Stored items
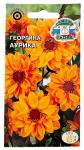 ГЕОРГИНА культурная АУРИКА СеДеК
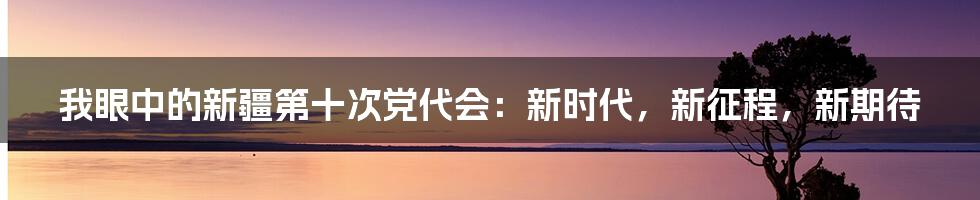 我眼中的新疆第十次党代会:新时代,新征程,新期待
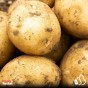 6kg Seed Potato Bundle (Rocket, Maris Peer & Rooster) Easy to Grow & High Yielding Varieties Perfect for All Uses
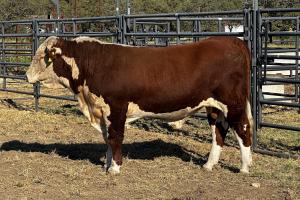 Case Ranch Sale Bull 1406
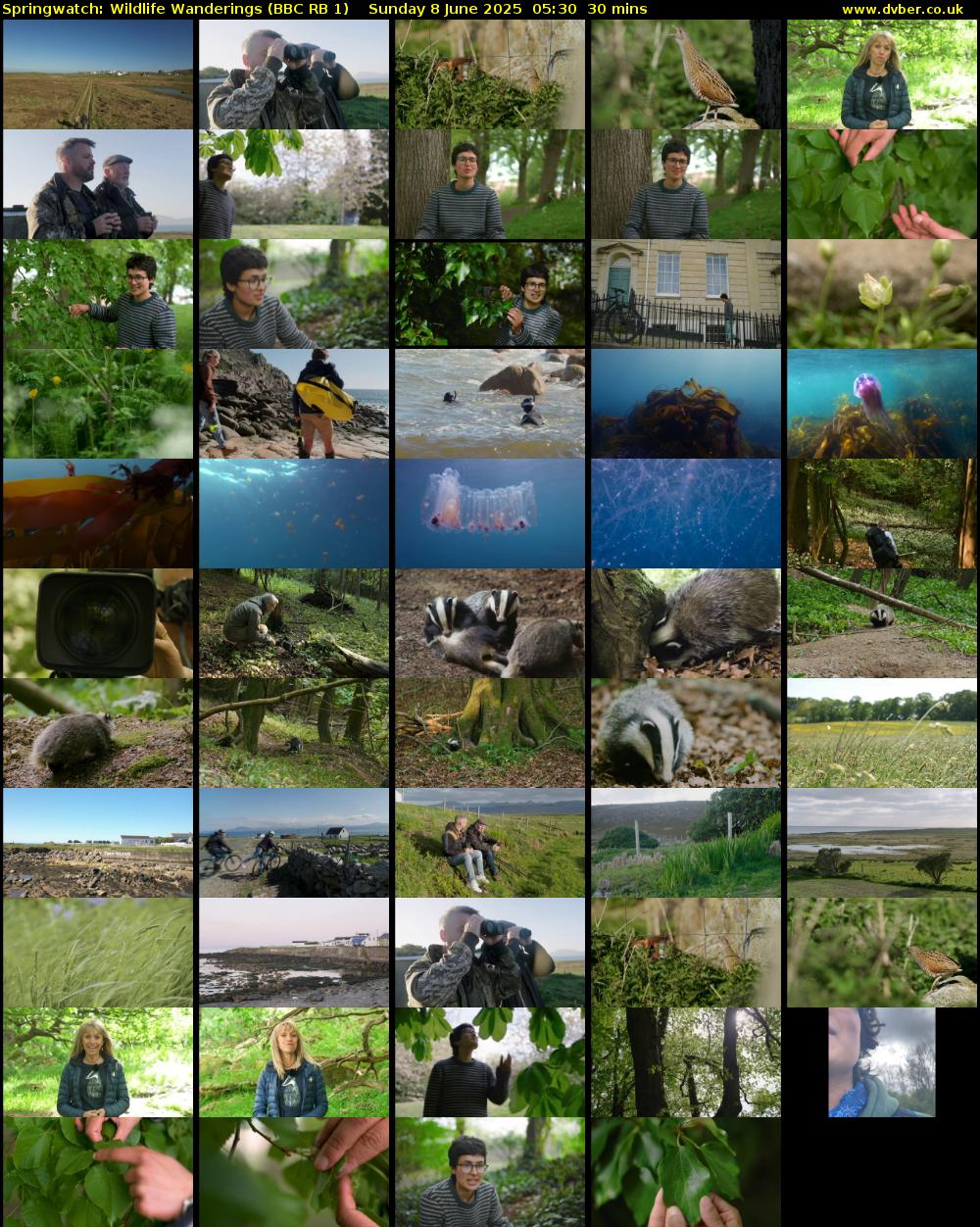 Springwatch: Wildlife Wanderings (BBC RB 1) Sunday 8 June 2025 05:30 - 06:00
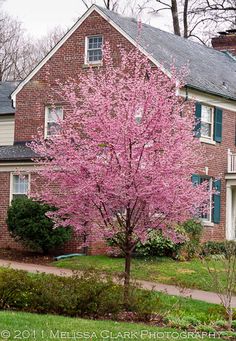 a pink tree in front of a brick house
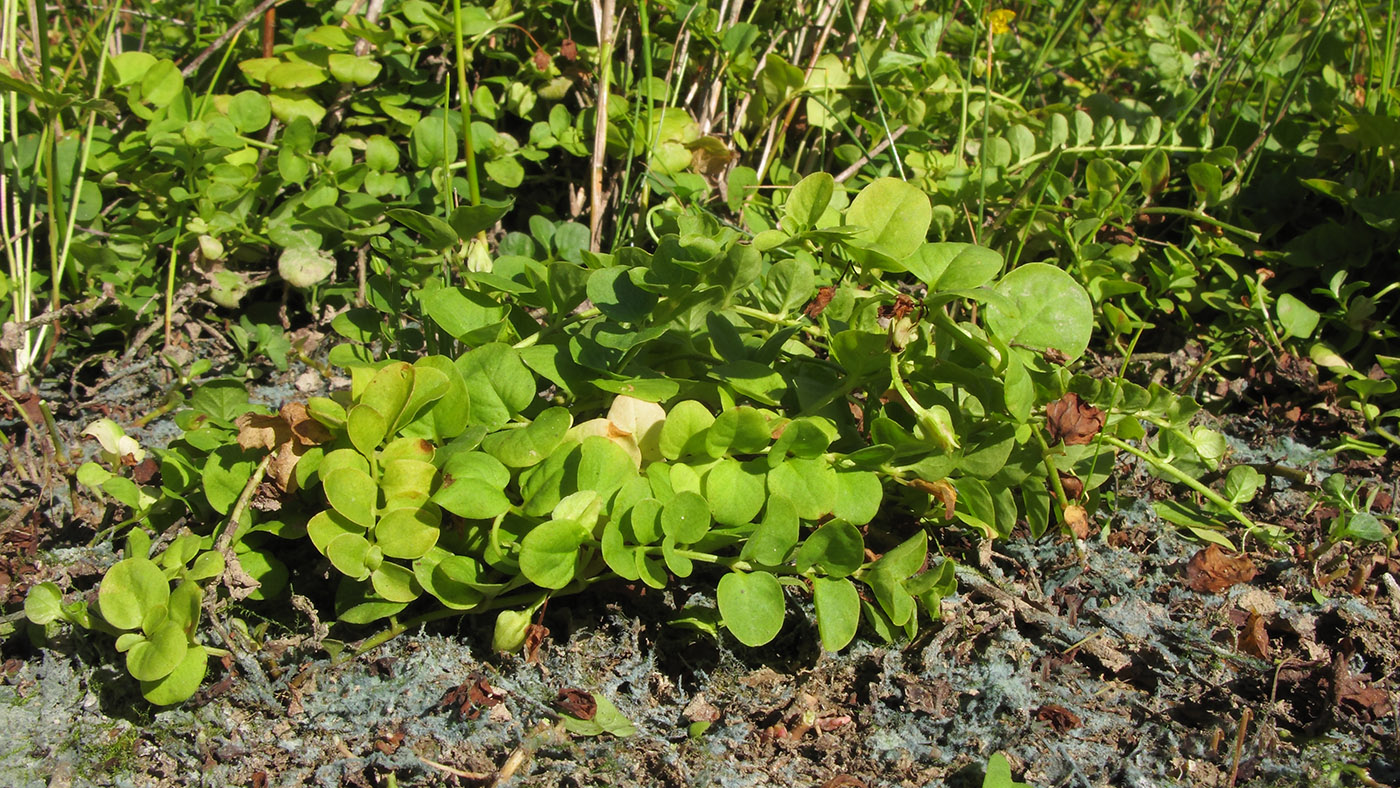 Изображение особи Lysimachia nummularia.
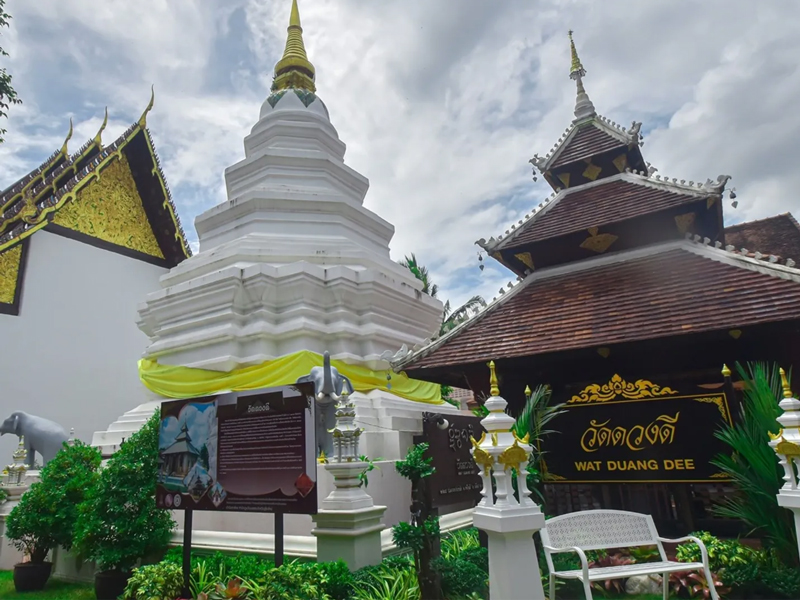hongthong hongthong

TASK DESCRIPTION: All of the entries must be reproduced exactly, apart from the pictures, which are to be dropped.

ANSWER TO THIS PROBLEM:
 ГЕОРГИНА культурная АУРИКА СеДеК
 我眼中的新疆第十次党代会:新时代,新征程,新期待
 6kg Seed Potato Bundle (Rocket, Maris Peer & Rooster) Easy to Grow & High Yielding Varieties Perfect for All Uses
 Case Ranch Sale Bull 1406
 Springwatch: Wildlife Wanderings (BBC RB 1) Sunday 8 June 2025 05:30 - 06:00
 a pink tree in front of a brick house
 Изображение особи Lysimachia nummularia.
hongthong hongthong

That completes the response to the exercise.